▶ EXERCISE DESCRIPTION
The material below holds pictures; leave them out and reproduce exactly the lines from the one with "Apartment for rent" through the one with "Vintage Moon Pendant", inclusive.
── SUPPLIED RECORDS ──
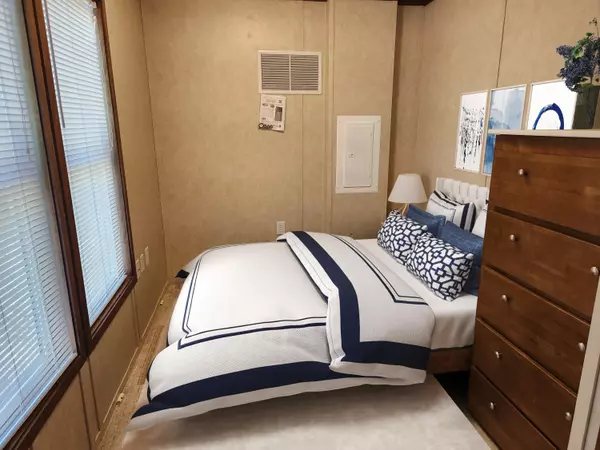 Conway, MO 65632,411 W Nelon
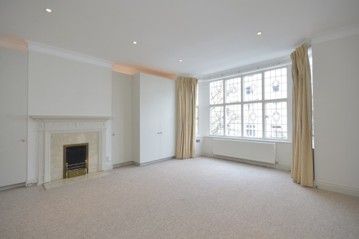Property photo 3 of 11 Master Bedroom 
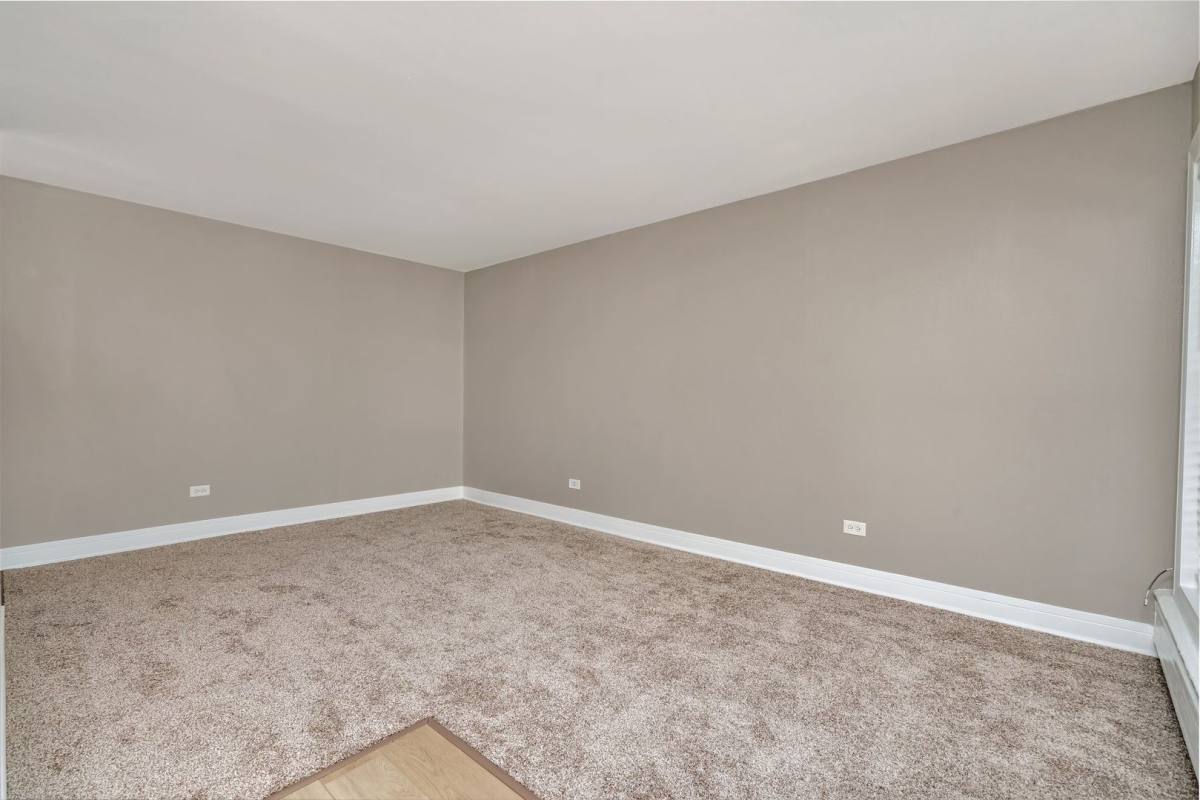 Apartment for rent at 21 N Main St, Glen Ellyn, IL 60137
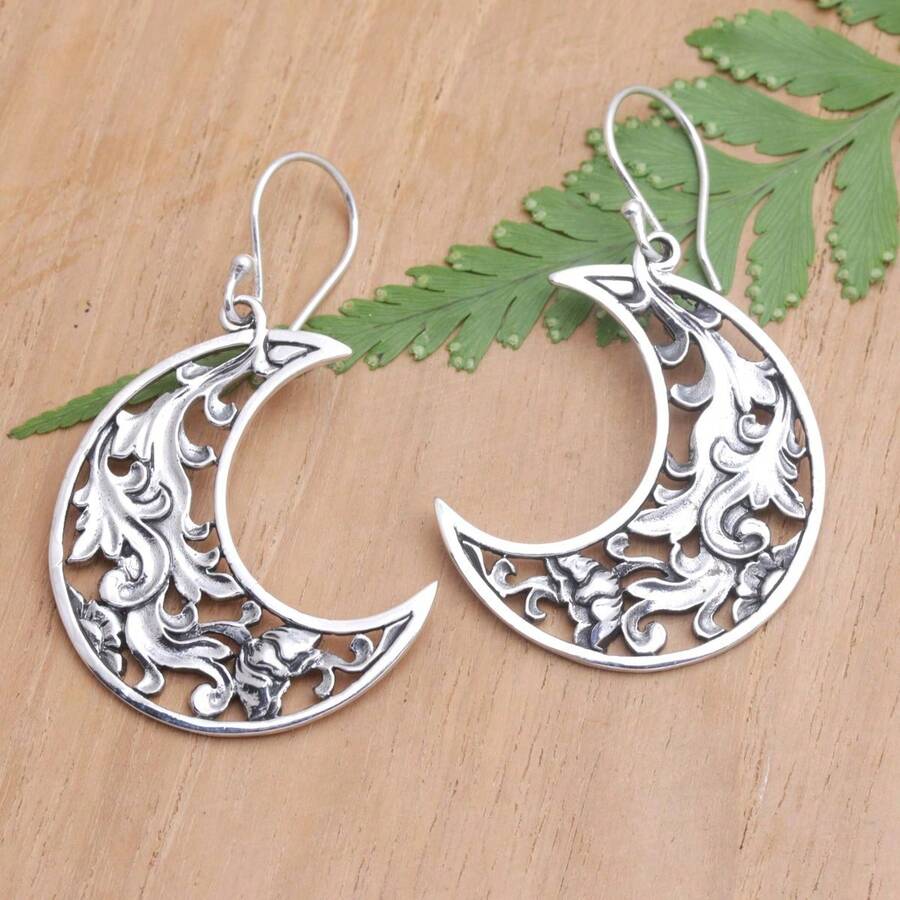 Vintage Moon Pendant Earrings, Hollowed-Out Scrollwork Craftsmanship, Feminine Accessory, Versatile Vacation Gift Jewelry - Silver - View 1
───
── SUPPLIED RECORDS ──
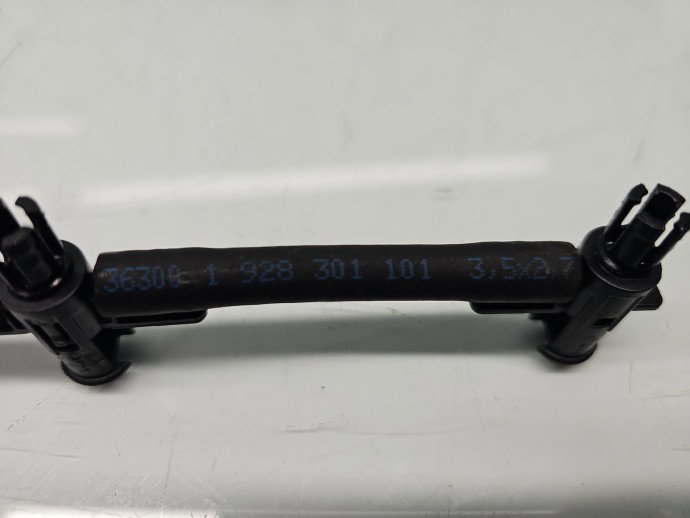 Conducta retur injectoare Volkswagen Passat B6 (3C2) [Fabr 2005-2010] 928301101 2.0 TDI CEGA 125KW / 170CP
───
── SUPPLIED RECORDS ──
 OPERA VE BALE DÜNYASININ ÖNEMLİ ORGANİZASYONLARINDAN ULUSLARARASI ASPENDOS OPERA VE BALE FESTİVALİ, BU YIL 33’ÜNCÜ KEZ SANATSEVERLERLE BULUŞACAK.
───
▶ ANSWER SECTION
 Apartment for rent at 21 N Main St, Glen Ellyn, IL 60137
 Vintage Moon Pendant Earrings, Hollowed-Out Scrollwork Craftsmanship, Feminine Accessory, Versatile Vacation Gift Jewelry - Silver - View 1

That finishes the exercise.